Equality awaits Pimlico


While all eyes were on the Kentucky Derby at Churchill Downs, trainer Graham Motion was already preparing a horse for the second leg of the Triple Crown.

Motion, whose horses are stabled a few miles away from Delaware Park at Fair Hill, Md., sent out Equality for a five-furlong workout over a track labeled wet-fast last Monday. Equality, winner of the Grade 3 Tampa Bay Derby on March 17 and second in the $250,000 Aventura Stakes at Gulfstream Park a month ago, was timed in 1:00.80 for his breeze.

According to Motion, jockey Ramon Dominguez gave a glowing report on Equality's work, saying the colt broke off nicely, felt relaxed, and finished up strong. Dominguez will likely retain the mount if Equality starts in the Preakness.

Motion said he preferred to skip the Derby and shoot for the May 18 Preakness at Pimlico for several reasons.
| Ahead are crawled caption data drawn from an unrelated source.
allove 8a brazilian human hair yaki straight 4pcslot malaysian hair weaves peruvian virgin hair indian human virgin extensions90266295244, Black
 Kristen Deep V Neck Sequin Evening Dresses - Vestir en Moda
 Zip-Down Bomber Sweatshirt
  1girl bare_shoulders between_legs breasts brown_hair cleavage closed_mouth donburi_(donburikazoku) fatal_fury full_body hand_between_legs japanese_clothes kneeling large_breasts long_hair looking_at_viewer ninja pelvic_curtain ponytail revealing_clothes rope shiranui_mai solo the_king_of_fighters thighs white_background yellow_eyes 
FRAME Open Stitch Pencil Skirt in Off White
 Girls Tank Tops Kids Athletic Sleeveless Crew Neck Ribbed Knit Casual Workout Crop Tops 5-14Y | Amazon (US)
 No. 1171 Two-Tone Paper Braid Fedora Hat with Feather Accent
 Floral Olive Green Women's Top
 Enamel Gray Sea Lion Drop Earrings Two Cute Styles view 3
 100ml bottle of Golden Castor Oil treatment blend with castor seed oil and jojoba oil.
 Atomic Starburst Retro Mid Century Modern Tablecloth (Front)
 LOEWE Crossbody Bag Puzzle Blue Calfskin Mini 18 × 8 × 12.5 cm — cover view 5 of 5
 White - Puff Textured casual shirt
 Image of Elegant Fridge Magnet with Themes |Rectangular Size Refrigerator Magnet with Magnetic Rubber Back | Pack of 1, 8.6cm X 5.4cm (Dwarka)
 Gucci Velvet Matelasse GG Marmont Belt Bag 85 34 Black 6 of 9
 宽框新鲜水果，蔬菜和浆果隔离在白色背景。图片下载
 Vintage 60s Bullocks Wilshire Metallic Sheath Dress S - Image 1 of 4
"The Derby is probably the toughest race to win in the world," Motion said. "I think it can also be one of the hardest races on a 3-year-old. We also felt that he might not be quite ready at this time. The Preakness will give him a little more time and it is not quite such a mad house. I think it's a sensible course for the horse to point toward the Preakness."

Although Motion has made tentative plans to run Equality in the Preakness, he wants to evaluate the results of the Derby and gauge the prospective field before making a final decision.

Cat Chat to stretch out

The bettors weren't happy when Cat Chat failed as the 3-5 favorite last Saturday, but trainer Alan Goldberg said he was encouraged by his filly's second-place finish against allowance company.

The 4-year-old Chat Cat, racing for the first time since she was injured in the Grade 1 Prioress at Belmont Park last July 4, finished 4 1/2 lengths behind Tra La in a six-furlong sprint that went in 1:11.96.

Goldberg said he is uncertain where Chat Cat, winner of the Grade 2 Nassau County Stakes at Belmont last year, will run next, but said he would like to stretch her out to a longer distance.

* Track announcer John Curran, who had not missed a live racing day since the track reopened in 1984, a streak of 2,309 live programs, had his iron-man streak ended last Tuesday. Curran is out with a minor illness and expects to be back on the job by next Saturday.